Yes, it is possible; that is the route I took for my first two attempts. It may be a little shorter because, unlike the PCT, it lacks switchbacks. The trail goes straight up the valley, crosses the creek, then becomes very primitive and slow, side-hilling through vine maple, more like glorified bushwacking. Then it proceeds straight up a steep buttress to Joe Lake, after which you can traverse up grassy slopes to the PCT. Though it may be shorter, the Gold Creek approach is more work. Snow is not a factor at this date.

 

I'm still extremely irritated that I didn't bring the map, or at least study it beforehand. If I had just hiked another quarter mile, reaching the saddle would have been a cakewalk. madgo_ron.gif

Posted

treknclime- Check out Mineral Creek as an easy approach. We did that route and it made for an easy approach. I think total round trip dist. was about 12 miles. You pick up the PCT at approx. 4 miles, leave it in another 1/2mile or so at the 5400' notch that drops down to glacier lake.

Posted

I finally got there via Mineral Creek on Friday. The irony is not lost on me that I drove an additional 110 miles round trip (past Snoqualmie to Roslyn, Cle Elum Lake, Cooper Pass Rd, etc.) in order to avoid an additional 10 miles of hiking. Weather was exceedingly pleasant. I hiked the PCT to the western aspect, then scrambled the most likely looking gully. It was still the wrong one, but as I was no longer climbing on instrument rating, I could make my way down to the saddle on visual. Chikamin's eastern aspect is more aesthetic than the western, but I descended to the west anyway, because my time was short.
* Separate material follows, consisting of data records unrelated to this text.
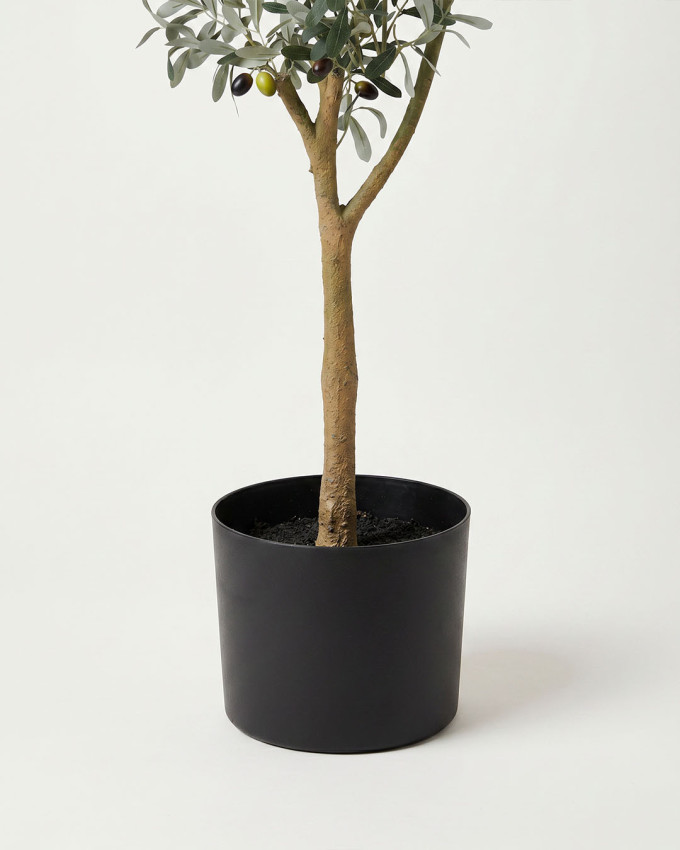 Planta decorativa olivo KIRA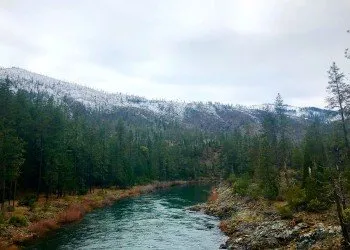 South Fork Camping And Day Use Area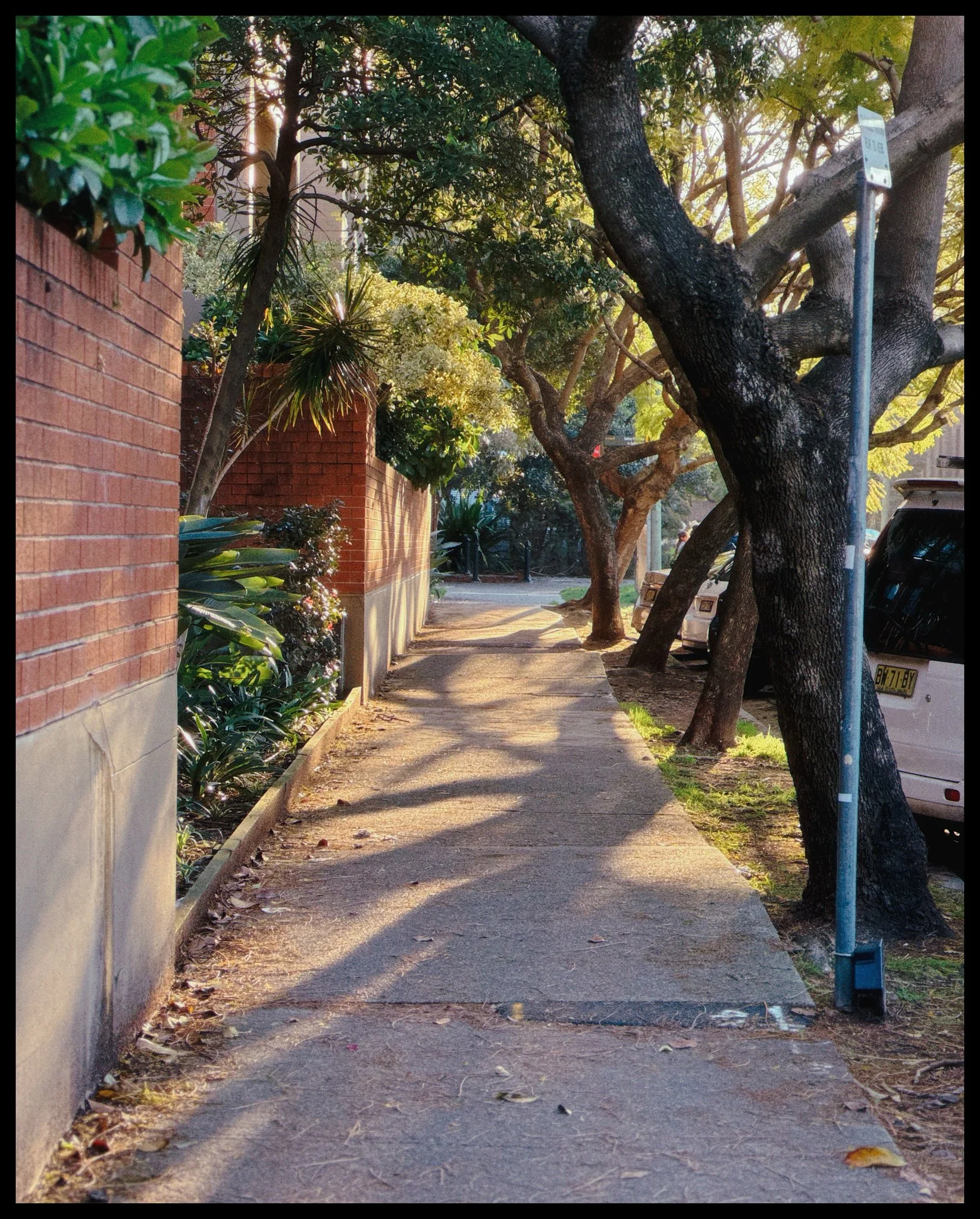 A sidewalk with trees casting shadows, a brick wall on the left side, parked cars on the right, and sunlight filtering through the leaves.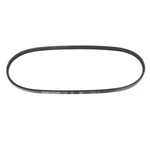 Genuine Ford Serpentine Drive V-belt JAMZ-8620-AA. Fixed Price $17.09.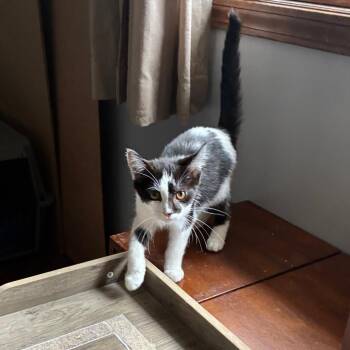 Domestic Short Hair Cats Available for Adoption in Carmel, Indiana - Addison @ Pawz Pet Cafe | PetCurious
I was not able to read the names on the rock. I did a search on NWHikers.net and found a highly informative post by HarryMajors that not only explains the names, but provides historical background. Link

 

Anyone who aims for the summit of Chikamin is advised to do so either for historical interest (i.e. the rock) or for the view (which is excellent), because the climbing is not particularly pleasant. One can climb Chikamin in one day from either Snoqualmie or Mineral Creek, but it might be more fun to camp in the Spectacle Lake area and climb several peaks in a long weekend; Chikamin, Lemah, Chimney Rock, Summit Chief would be reasonable day climbs all from the same properly situated camp. Perhaps one day I will take such a trip, though for October I have only single days off and have had to fit my alpine jaunts into six and eight hour periods.